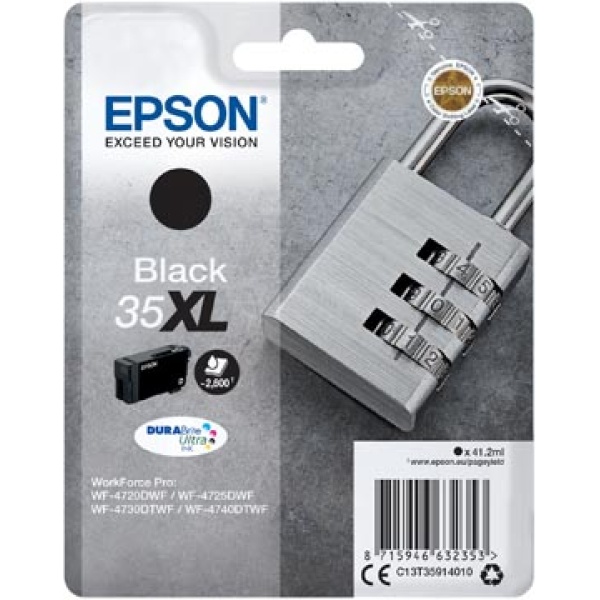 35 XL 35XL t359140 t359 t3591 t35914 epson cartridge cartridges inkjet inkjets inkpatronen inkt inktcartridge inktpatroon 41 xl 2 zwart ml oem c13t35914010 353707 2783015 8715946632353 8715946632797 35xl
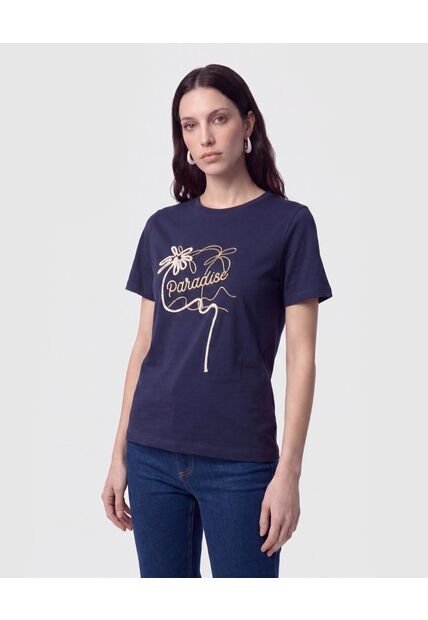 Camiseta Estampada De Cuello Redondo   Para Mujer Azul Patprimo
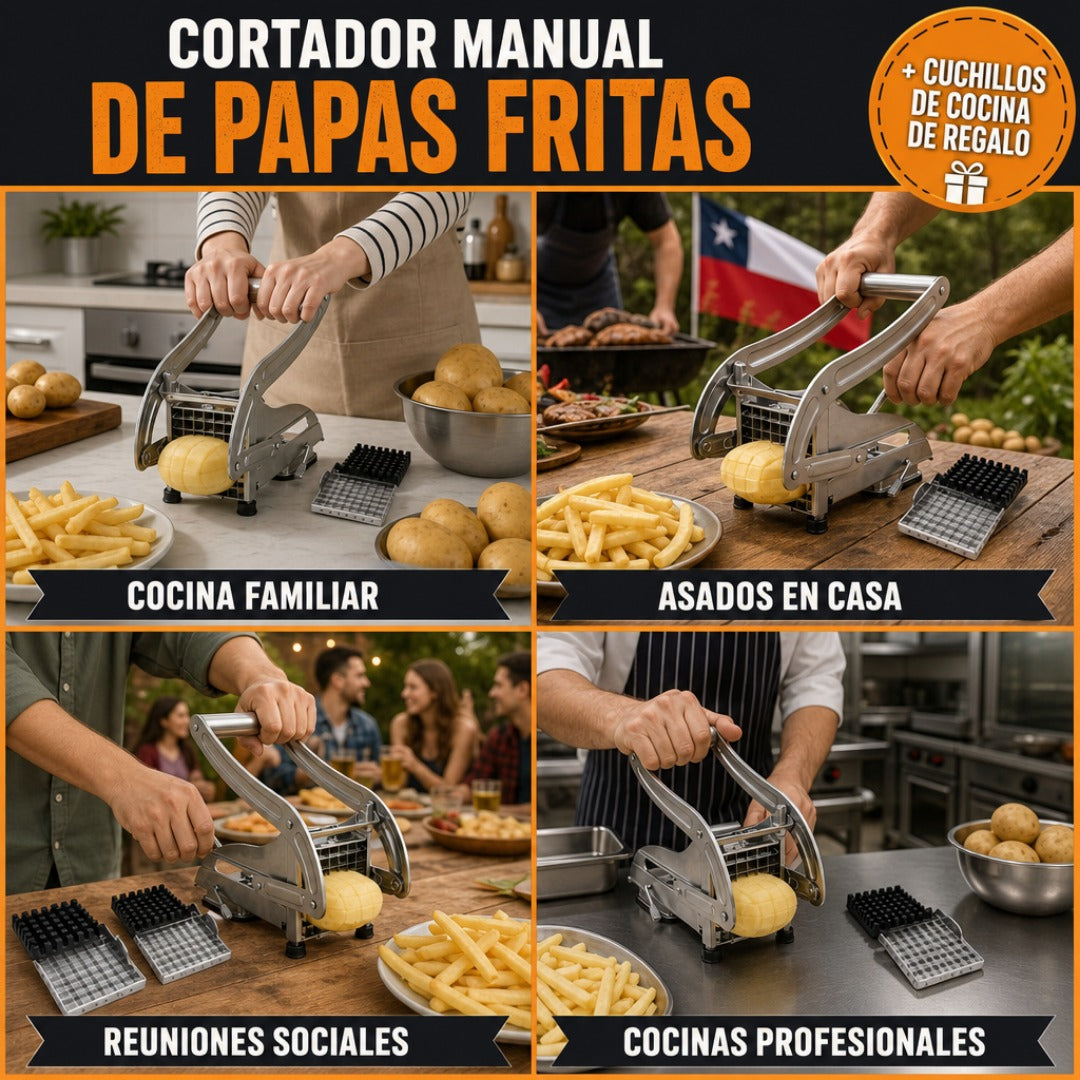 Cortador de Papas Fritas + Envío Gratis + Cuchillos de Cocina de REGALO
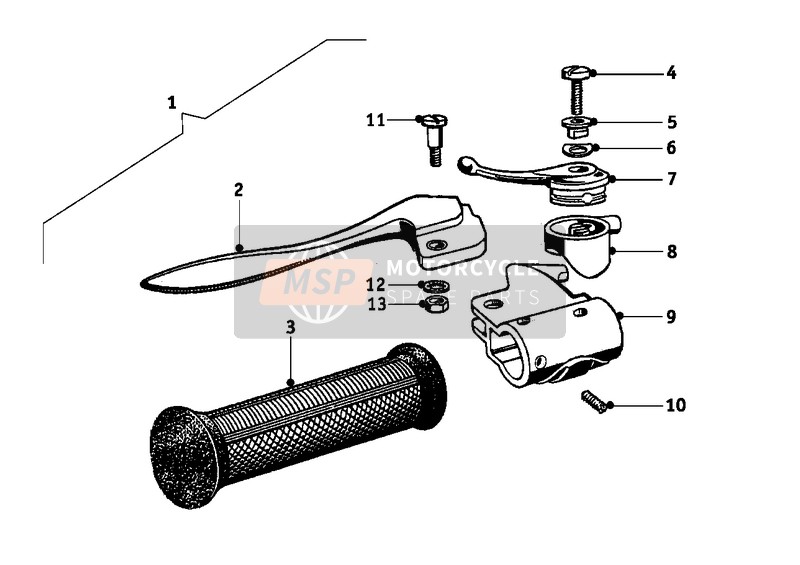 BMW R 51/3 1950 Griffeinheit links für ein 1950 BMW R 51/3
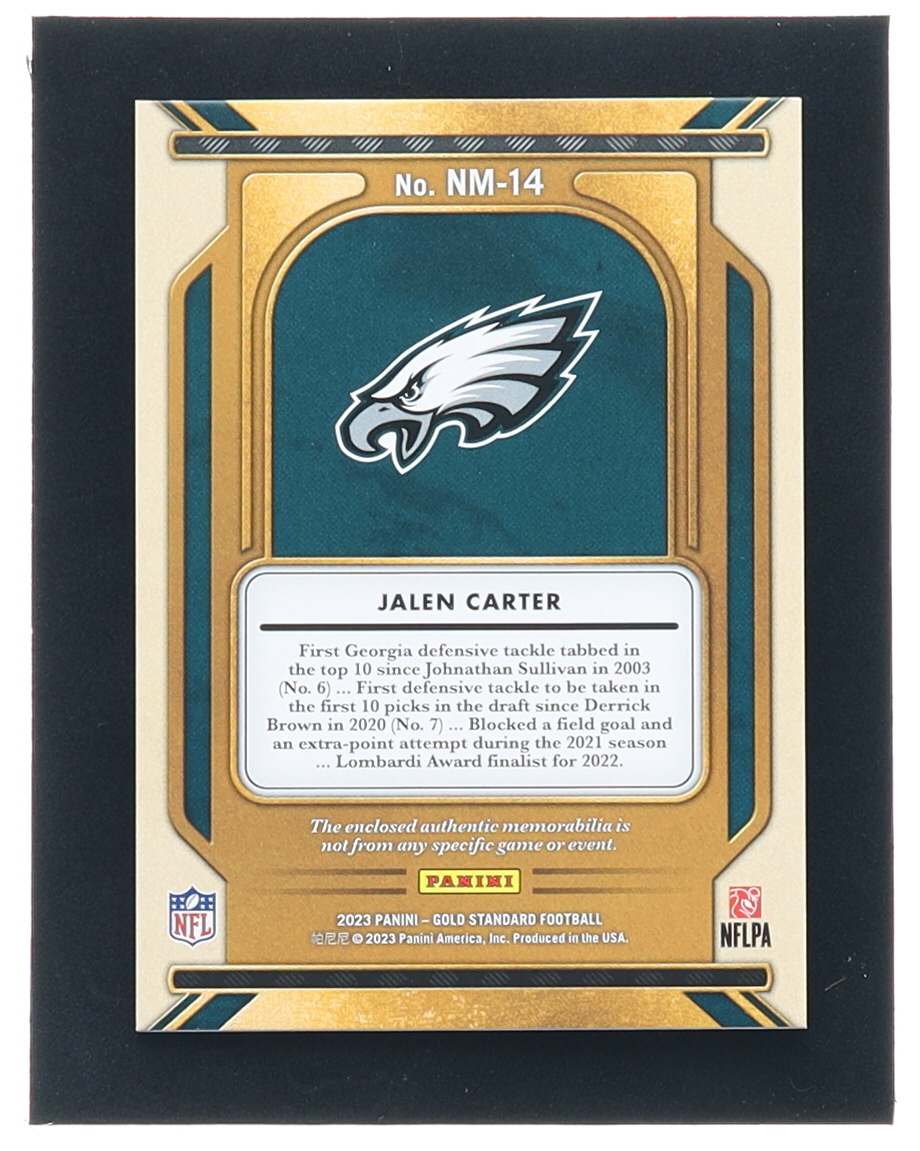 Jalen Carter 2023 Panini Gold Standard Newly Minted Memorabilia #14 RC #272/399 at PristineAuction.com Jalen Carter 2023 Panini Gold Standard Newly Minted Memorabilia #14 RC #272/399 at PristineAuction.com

* * *

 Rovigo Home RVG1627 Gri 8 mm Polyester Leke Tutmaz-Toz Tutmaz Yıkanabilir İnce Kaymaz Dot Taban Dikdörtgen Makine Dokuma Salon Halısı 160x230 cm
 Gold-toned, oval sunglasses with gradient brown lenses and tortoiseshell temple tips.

### Work item
Every line above from the one with "35 XL 35XL t359140" down to the one with "Camiseta Estampada De" must be written out exactly, and no picture may appear.

### Expected answer
 35 XL 35XL t359140 t359 t3591 t35914 epson cartridge cartridges inkjet inkjets inkpatronen inkt inktcartridge inktpatroon 41 xl 2 zwart ml oem c13t35914010 353707 2783015 8715946632353 8715946632797 35xl
 Camiseta Estampada De Cuello Redondo   Para Mujer Azul Patprimo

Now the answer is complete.